The moral of the story… Requesting clearance through bravo may not save you any time and is a lot of work. However, it is a boat load of fun!

I also want to mention that I asked for bravo clearance both times through Houston. They offered to take me through on the way in but at a very low altitude. I chose to stay higher and go around. Two reasons… It was little was a bumpy down low yesterday and there is less time to deal with a problem if something goes wrong. If you ever fly to Galveston, take the courtesy car and have breakfast/lunch at Jimmy’s on the Pier.

Safe Flying…

Re: [Jan 29] Scenario-based VFR Flight Planning (Class B/C)

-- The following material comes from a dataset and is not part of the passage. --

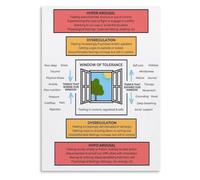 Emotional Resilience Diagram Poster for Mental Health Office Walls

PostPosted: Wed Feb 06, 2013 10:50 am
by JN_
Good presentation, sorry I missed it live. I was hoping to hear the story about the sheriff car ride, but apparently it was left on the cutting room floor. I'm assuming that's the same as the aforementioned "911 call"; if not, I missed a few good stories...

Regarding the ATIS discussion, when flying into PHNL bravo having forgotten to pick up ATIS, I have been instructed to "advise when you have Charlie". So Mark's (?) joke saying "go back and get it, young man!" was not far from the truth.

P.S. Any answer to the question posed during the session: Is it ok to make an early turn, before reaching the end of the runway? And does the answer differ for towered vs. non-towered airports?

Re: [Jan 29] Scenario-based VFR Flight Planning (Class B/C)

PostPosted: Tue Mar 31, 2015 8:37 pm
by Geoff
P.S. Any answer to the question posed during the session: Is it ok to make an early turn, before reaching the end of the runway? And does the answer differ for towered vs. non-towered airports?

I'm late to the party, but I recently finished watching this Workshop and had the same question. Reading the "Basic AIM" of April 2014 (from the FAA website), I found a couple of examples that seem to suggest one should not turn before reaching the departure end of the runway. But I'm a newb, so I could be interpreting this wrong. This excerpt is from the "examples" description of traffic patterns, page 4-3-3, accompanying illustration 4-3-2. There's similar language on the following page, too:

If remaining in the traffic pattern, commence turn to crosswind leg beyond the departure end of the runway within 300 feet of pattern altitude.

Re: [Jan 29] Scenario-based VFR Flight Planning (Class B/C)

PostPosted: Fri Apr 03, 2015 12:08 pm
by HRutila
Yes. If there is a tower you must obtain permission to begin an early crosswind turn.